Repeat exactly the lines below, from the line containing "play-sex-sexshop[1].jpg" through the last line, both included. Leave out any pictures.

____________________

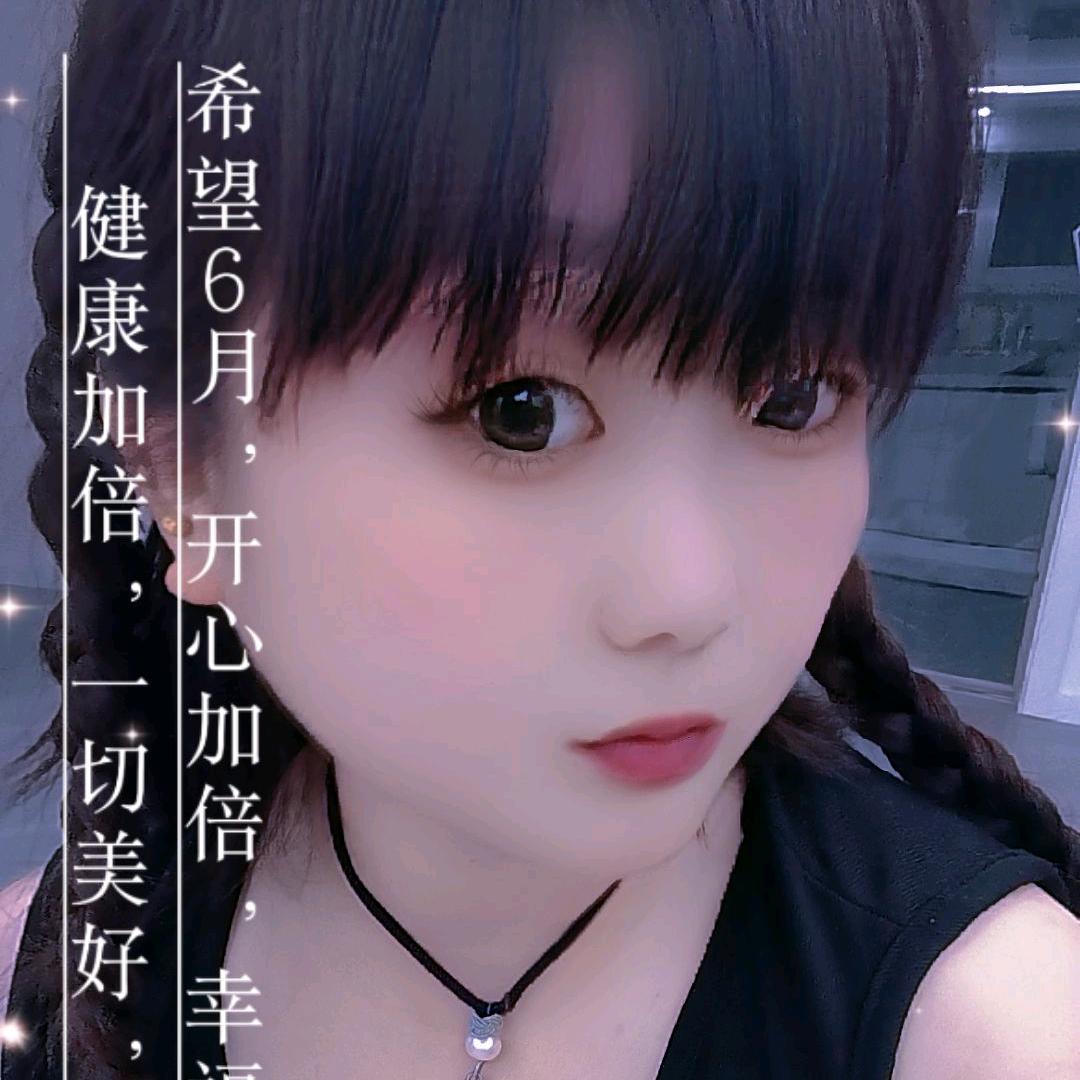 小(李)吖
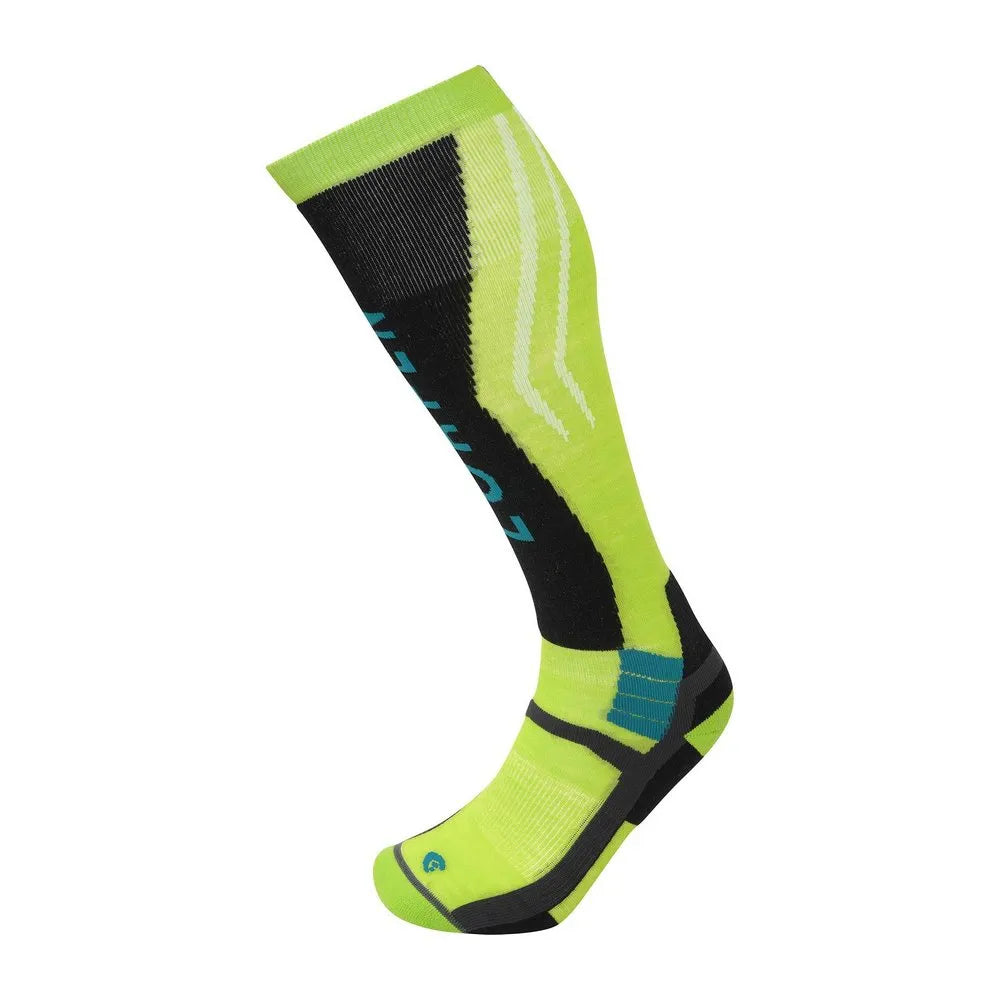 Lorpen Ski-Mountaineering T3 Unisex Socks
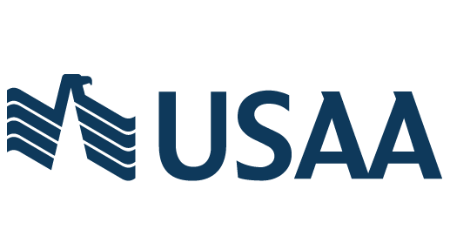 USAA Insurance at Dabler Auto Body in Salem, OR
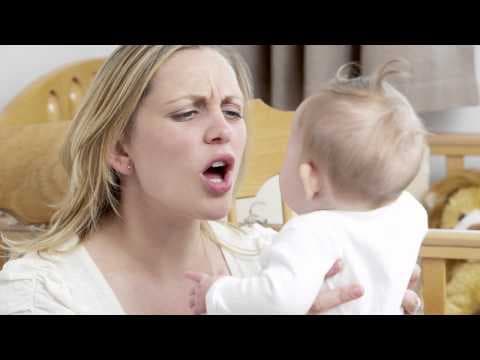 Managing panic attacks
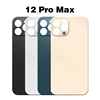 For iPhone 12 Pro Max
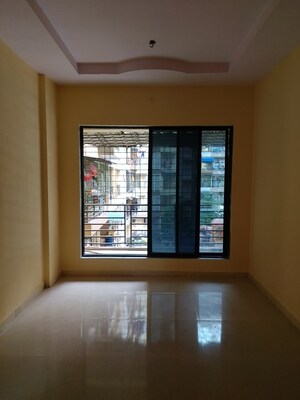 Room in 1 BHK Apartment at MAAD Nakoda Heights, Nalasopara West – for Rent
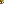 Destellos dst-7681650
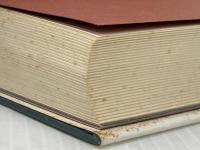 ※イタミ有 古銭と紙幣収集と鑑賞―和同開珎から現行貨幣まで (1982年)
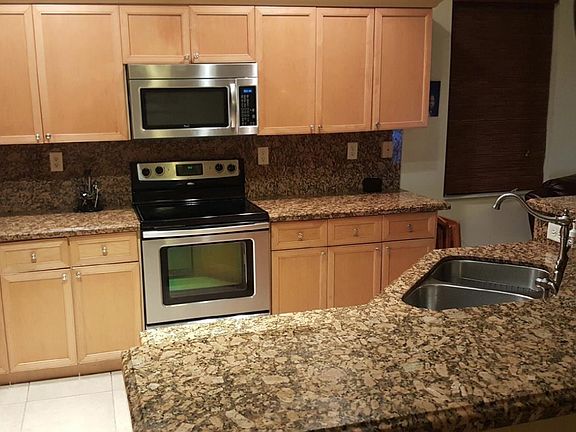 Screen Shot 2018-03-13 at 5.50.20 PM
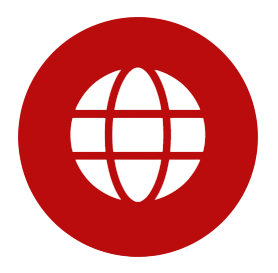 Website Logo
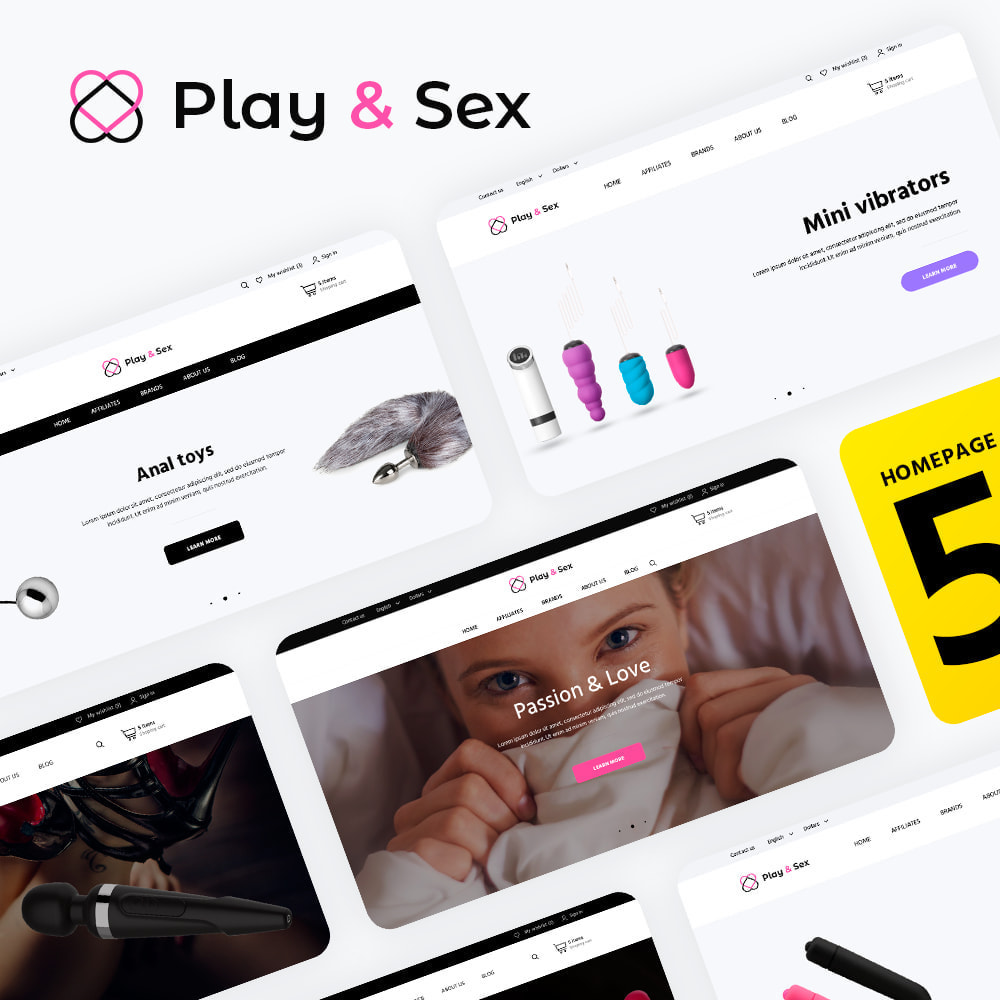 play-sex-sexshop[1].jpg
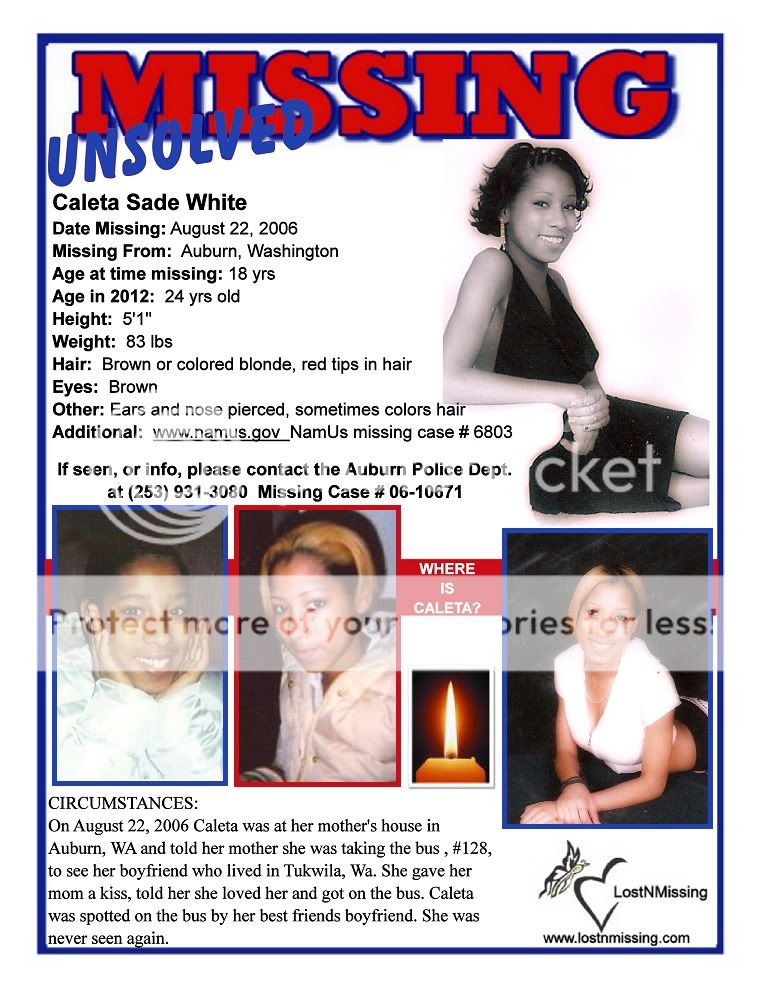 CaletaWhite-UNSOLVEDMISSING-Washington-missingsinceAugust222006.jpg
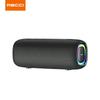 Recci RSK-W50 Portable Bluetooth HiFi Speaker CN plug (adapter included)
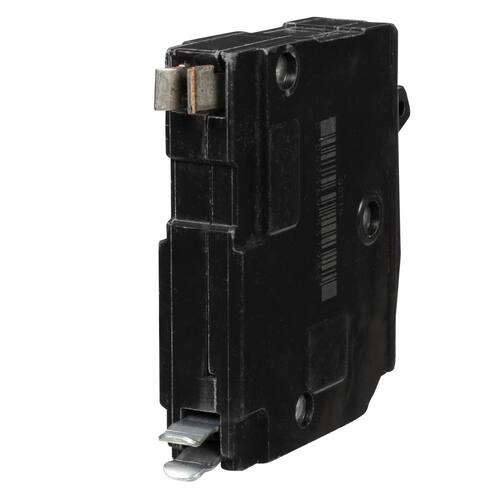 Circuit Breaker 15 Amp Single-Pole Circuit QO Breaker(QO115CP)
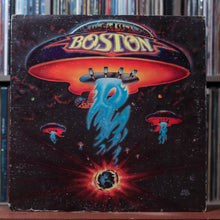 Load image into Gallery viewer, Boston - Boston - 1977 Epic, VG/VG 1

____________________

Worked solution:
 play-sex-sexshop[1].jpg
 CaletaWhite-UNSOLVEDMISSING-Washington-missingsinceAugust222006.jpg
 Recci RSK-W50 Portable Bluetooth HiFi Speaker CN plug (adapter included)
 Circuit Breaker 15 Amp Single-Pole Circuit QO Breaker(QO115CP)
 Load image into Gallery viewer, Boston - Boston - 1977 Epic, VG/VG 1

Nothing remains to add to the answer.